What needs to be done: Take each line of the material that includes "image" and copy it.
☆ ☆ ☆ ☆
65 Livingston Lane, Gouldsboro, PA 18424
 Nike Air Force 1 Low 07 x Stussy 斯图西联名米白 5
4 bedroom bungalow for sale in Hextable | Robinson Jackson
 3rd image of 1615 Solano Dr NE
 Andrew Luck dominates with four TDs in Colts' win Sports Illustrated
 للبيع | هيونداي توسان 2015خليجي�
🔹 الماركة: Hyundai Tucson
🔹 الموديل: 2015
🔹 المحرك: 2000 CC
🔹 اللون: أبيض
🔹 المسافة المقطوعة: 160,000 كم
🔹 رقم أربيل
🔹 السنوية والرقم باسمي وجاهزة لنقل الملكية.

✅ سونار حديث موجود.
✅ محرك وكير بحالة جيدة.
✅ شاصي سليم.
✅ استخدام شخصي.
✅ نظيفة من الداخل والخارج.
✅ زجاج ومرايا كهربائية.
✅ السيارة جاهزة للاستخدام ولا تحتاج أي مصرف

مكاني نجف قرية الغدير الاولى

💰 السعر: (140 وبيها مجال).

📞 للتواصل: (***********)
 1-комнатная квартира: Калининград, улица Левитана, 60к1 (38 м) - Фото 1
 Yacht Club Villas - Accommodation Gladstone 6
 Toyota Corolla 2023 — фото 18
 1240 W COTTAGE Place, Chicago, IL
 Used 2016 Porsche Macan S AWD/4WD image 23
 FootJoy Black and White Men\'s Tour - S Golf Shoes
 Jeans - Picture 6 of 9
☆ ☆ ☆ ☆
Result for this exercise:
 3rd image of 1615 Solano Dr NE
 Used 2016 Porsche Macan S AWD/4WD image 23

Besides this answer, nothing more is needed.